Interview : Mykola Lavrskyi, post-doctorant sur le projet EXPAANS
Mykola Lavrskyi réalise un post-doctorat aux côtés de l’IRT M2P et du LEM3, après une thèse au sein du Groupe de Physique des Matériaux (GPM) de l’Université de Rouen Normandie. Il nous présente ses travaux de recherche réalisés dans le cadre du projet EXPAANS (EXtraction des Phases de l’Acier par Approches Non-Supervisées).
Pouvez-vous nous présenter votre parcours ?
J'ai obtenu un doctorat à Rouen au sein du GPM (Groupe de Physique des Matériaux). Le titre de ma thèse est « Modélisation en fonctionnelle de la densité atomique des transformations de phases dans le système Fe-C à basse température ». J'ai ensuite effectué quelques post-docs aux Etats-Unis et à Rouen en France. Mes travaux portaient sur les simulations numériques des transformations de phase et de l'évolution de la microstructure des aciers au niveau atomique. J'ai également acquis de l'expérience dans l'utilisation des techniques de Machine Learning au sein d'une entreprise privée à Lviv en Ukraine. Le projet EXPAANS me permet de combiner mon expérience de l'IA et mes connaissances en science des matériaux.
Quels sont les objectifs du projet EXPAANS et quelle est sa pertinence pour l’industrie métallurgique ?
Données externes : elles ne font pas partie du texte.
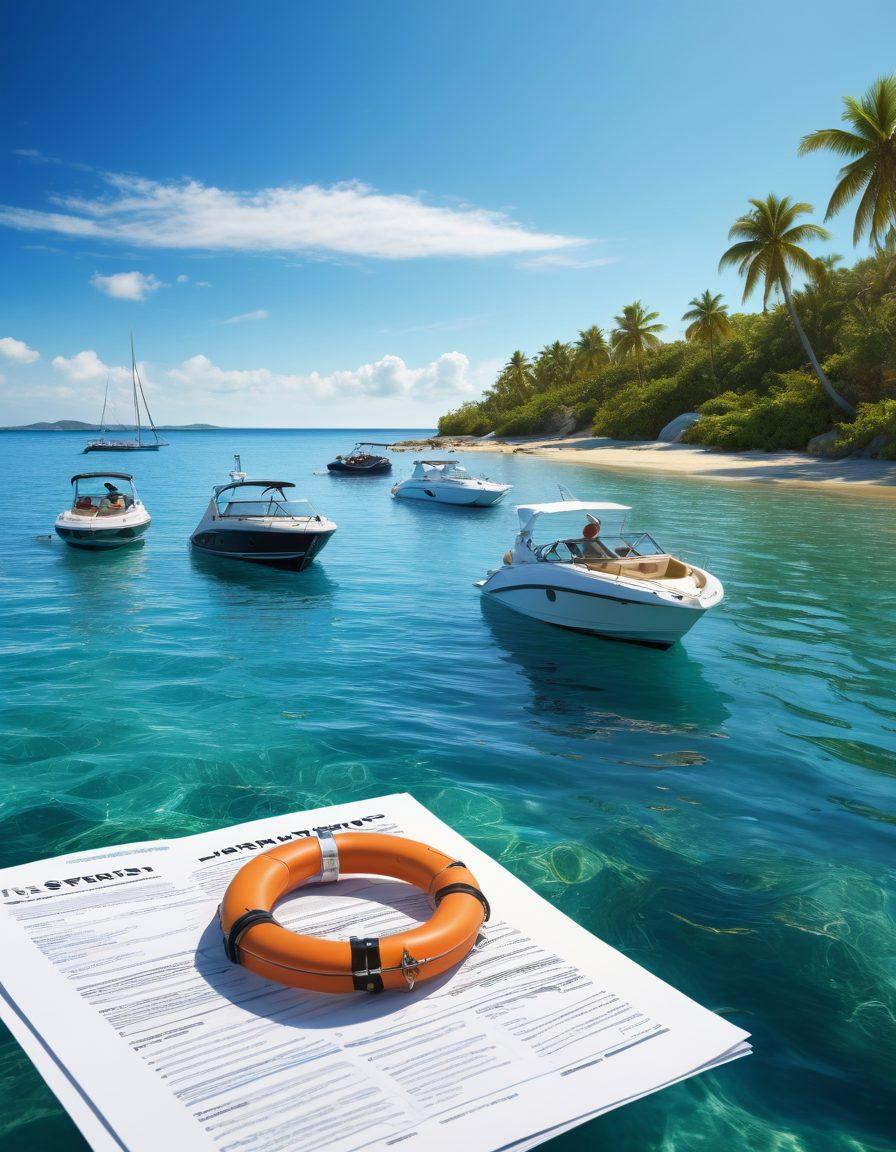 A serene coastal scene featuring various watercrafts such as sailboats, yachts, and jet skis docked by the shore. In the foreground, a diverse group of boat owners is gathered, discussing marine insurance options with a friendly insurance agent. Include a backdrop of a bright blue sky and gentle waves, symbolizing safety and adventure on the water. Emphasize the theme of protection and security with subtle visuals of life rings and insurance documents. super-realistic. vibrant colors. 3D.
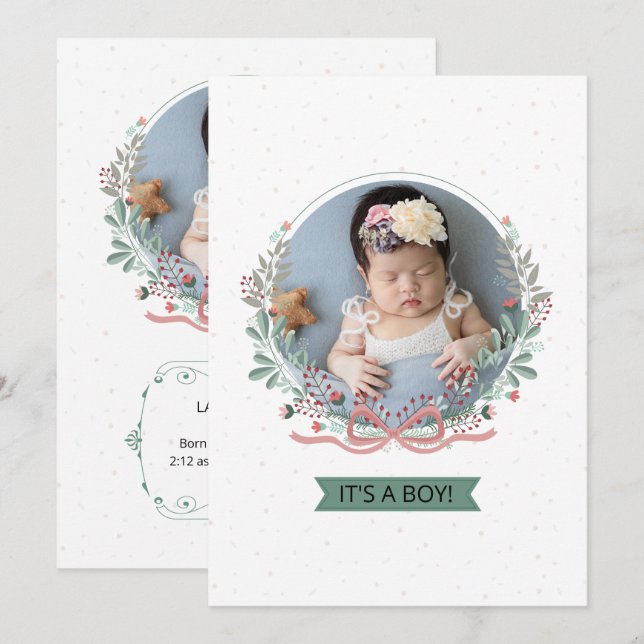 Birth Announcement Template, (Front/Back)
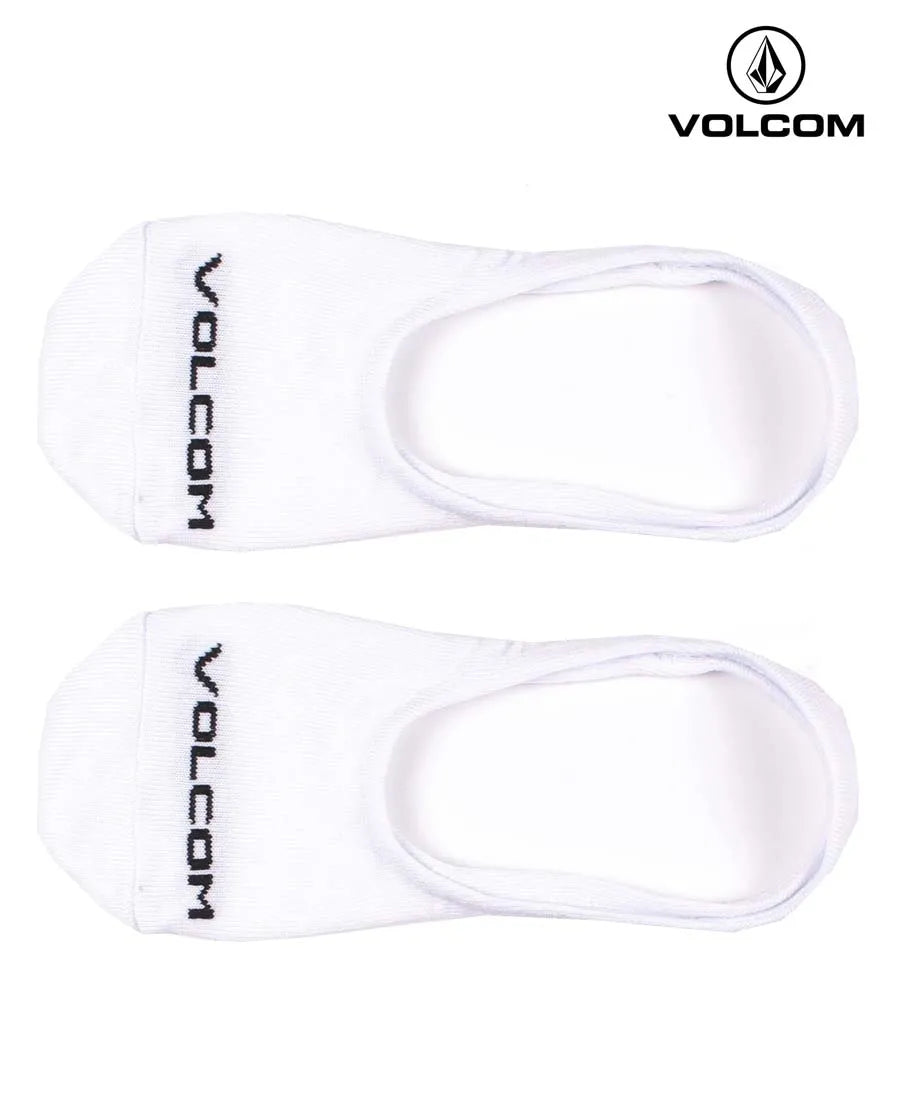 Volcom No Show Socks Solid White & Black Pack of 2 - Comfortable Low-Cut Socks for Men & Women - Perfect for Running, Gym, and Everyday Wear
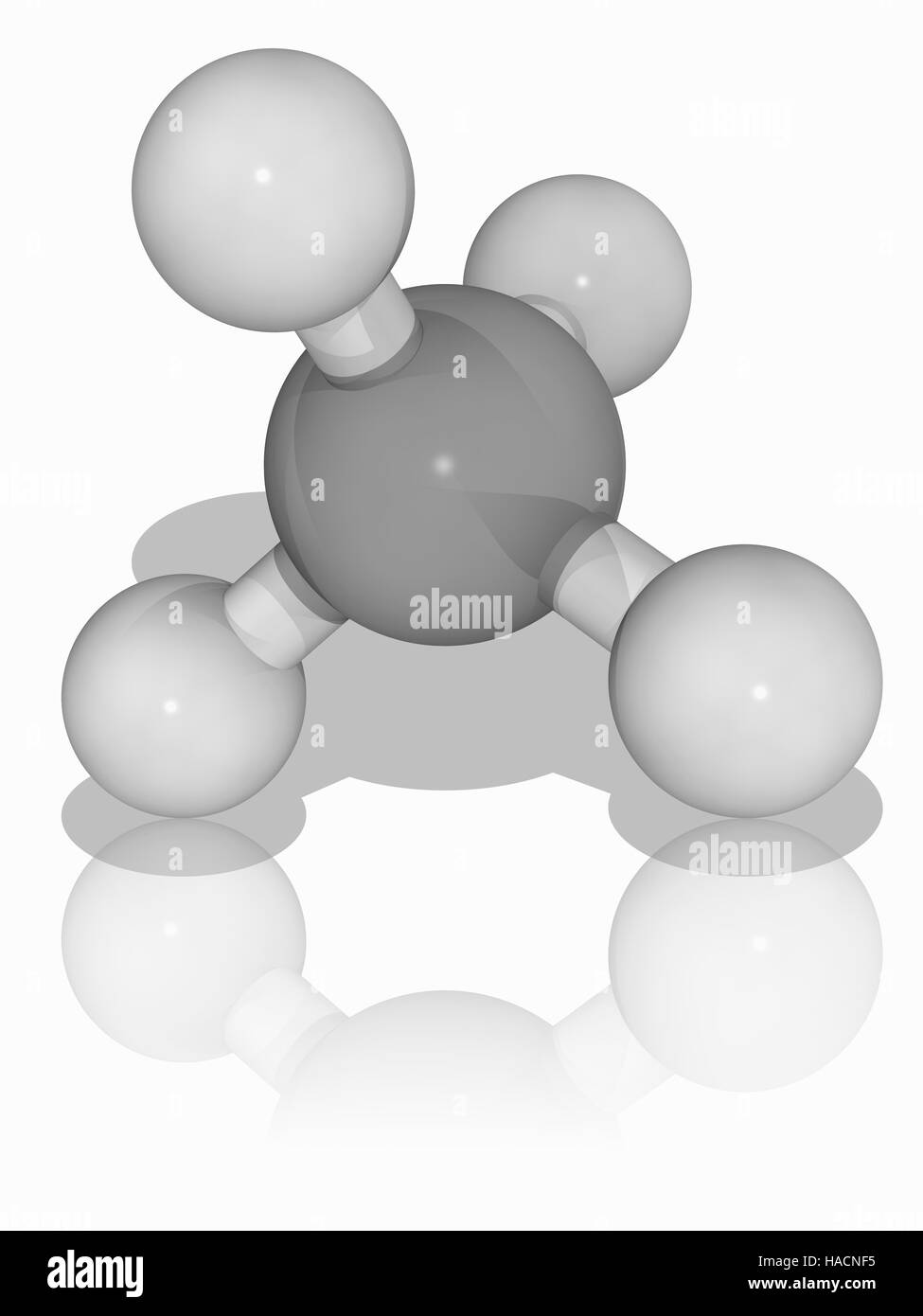 Methan. Molekülmodell des Alkans und Kohlenwasserstoff Methan (CH4). Es ist der Hauptbestandteil von Erdgas. Es ist die einfachste mögliche Alkan. Atome als Kugeln dargestellt werden und sind farblich gekennzeichnet: Kohlenstoff (grau) und Wasserstoff (weiß). Abbildung. Stockfoto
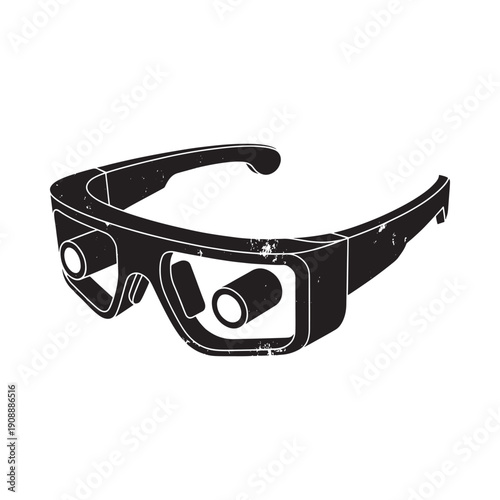 A stark black and white silhouette of virtual reality goggles showcasing a futuristic eyewear design high quality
L'objectif principal est de développer un modèle de deep learning capable de distinguer différentes microstructures dans les aciers sur des cartes EBSD. Il est important pour la métallurgie car les aciers de nouvelle génération présentent des microstructures complexes et multiphases. Leurs propriétés mécaniques sont contrôlées par les fractions volumiques des différentes phases et leur distribution. Une caractérisation correcte de la microstructure des aciers multiphases est essentielle pour surveiller la qualité de leur production et pour élaborer de nouveaux aciers.
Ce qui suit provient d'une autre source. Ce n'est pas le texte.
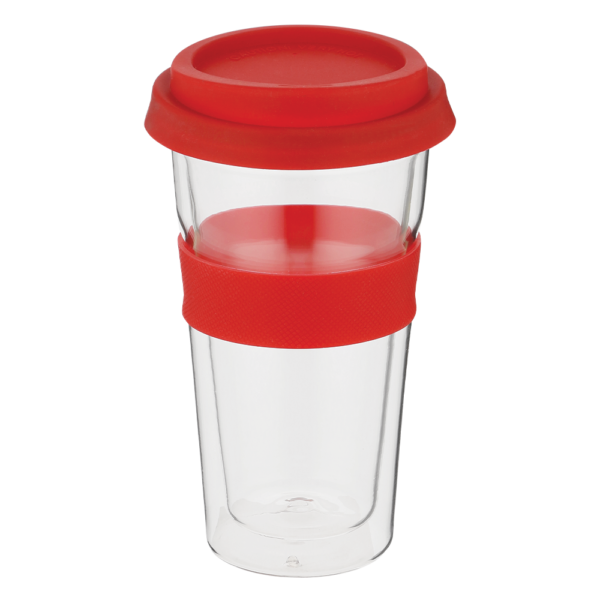 Snappy Thermal Glass Tumbler 400ml-Red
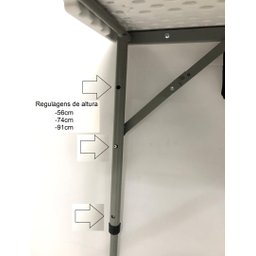 Mesa Dobrável Vira Maleta com 3 Regulagens de Altura Cor Branca - 4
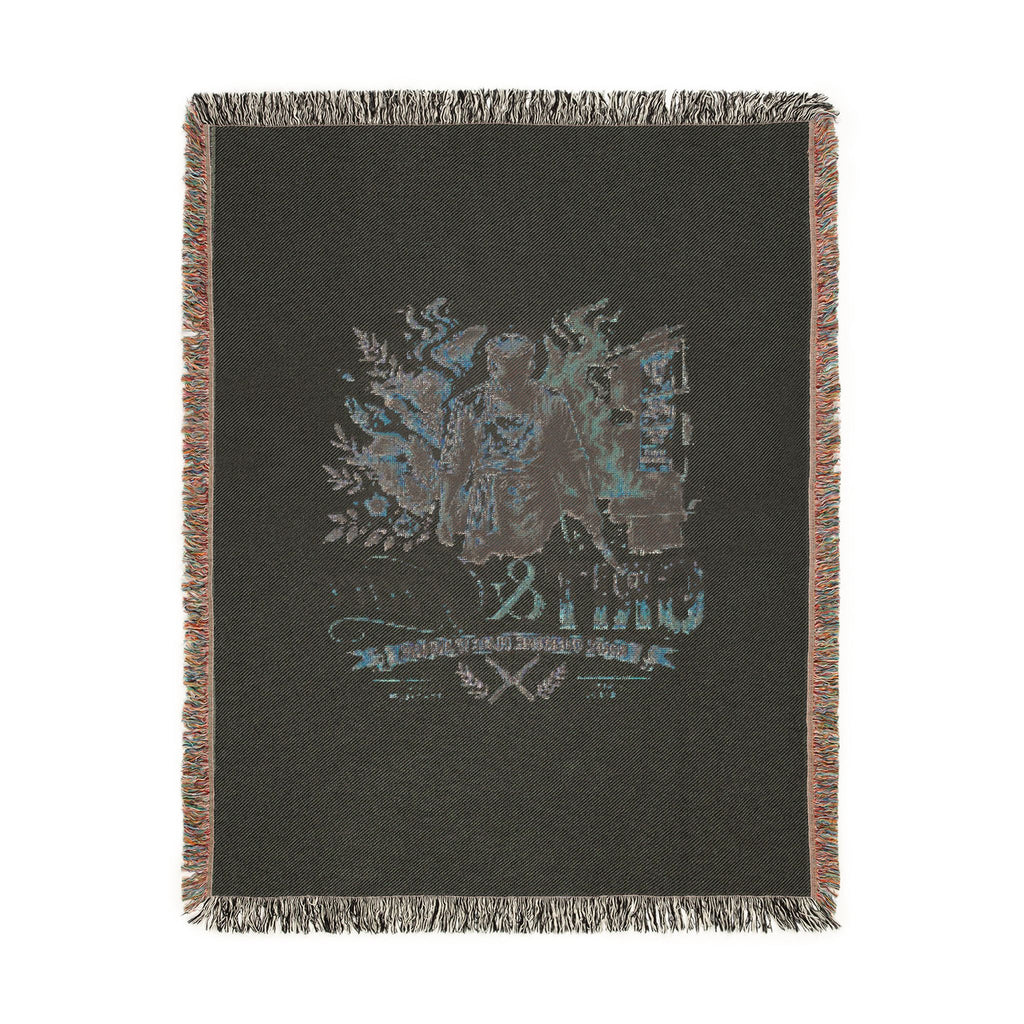 Grizzly Bear Rustic Cabin Woven Blanket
En quoi l’approche utilisée dans EXPAANS se distingue-t-elle des méthodes plus classiques d’analyse des microstructures ?
La méthode traditionnelle de discrimination des phases est manuelle. Les experts utilisent alors des images après une attaque chimique. Cette procédure est très complexe et l'attaque chimique ne révèle pas toujours toutes les informations pertinentes présentées dans la microstructure. La classification manuelle prend également beaucoup de temps et est subjective, car les experts n'ont pas tous la même opinion. Dans EXPAANS, la reconnaissance des phases est automatisée par l'application de solutions d'intelligence artificielle.
En tant que post-doctorant, quels sont vos apports dans ce projet ?
Je fournis une analyse statistique microstructurale des données EBSD et forme des ensembles de données d'entraînement. J'ai également sélectionné les réseaux neuronaux artificiels présentant les architectures les plus appropriées et j'ai entraîné les modèles finaux pour la discrimination des phases. Ces modèles seront ensuite utilisés dans l'industrie.
Avez-vous eu des résultats ou des avancées marquantes que vous aimeriez partager (si non confidentiel) ?
Oui, nous avons pu développer des modèles de deep learning capables de distinguer automatiquement la ferrite, la martensite, la bainite inférieure et supérieure avec une précision de 86 à 99 %, en fonction de la complexité de la microstructure.
D’un point de vue personnel, quel regard portez-vous sur le recours à la simulation numérique ainsi qu'aux outils d’IA dans le domaine des matériaux ?
Actuellement, l'utilisation de l'IA dans la science des matériaux est un sujet d'actualité, sans toutefois être aussi intensive que dans d'autres domaines tels que la santé, le marketing publicitaire, etc. La science des matériaux dispose d'une énorme quantité de données expérimentales et de simulations numériques, mais ces données ne sont pas pleinement exploitées. Les techniques de Machine Learning peuvent améliorer les performances des simulations numériques grâce à l'optimisation des paramètres, à l'interprétation des résultats, à la réduction du nombre d'essais, etc. Ce domaine présente un potentiel inexploité et un grand besoin d'approches d'IA. Par conséquent, le nombre de solutions de Machine Learning ne fera que croître.
En quoi cette expérience vous a-t-elle enrichi professionnellement et quels sont vos projets pour la suite ?
Tout d'abord, grâce à mes collègues au sein du LEM3 et de l'IRT M2P, j'ai acquis une expérience précieuse dans la caractérisation des microstructures, le traitement d'images et le développement de modèles d'IA. J'ai également participé au développement d'une interface graphique pour la segmentation des microstructures qui sera utilisée par des partenaires industriels. Dans le futur, je projette d'approfondir mes compétences et mes connaissances en matière de Machine Learning et d'élargir le champ de ses applications, notamment en les combinant avec des simulations numériques.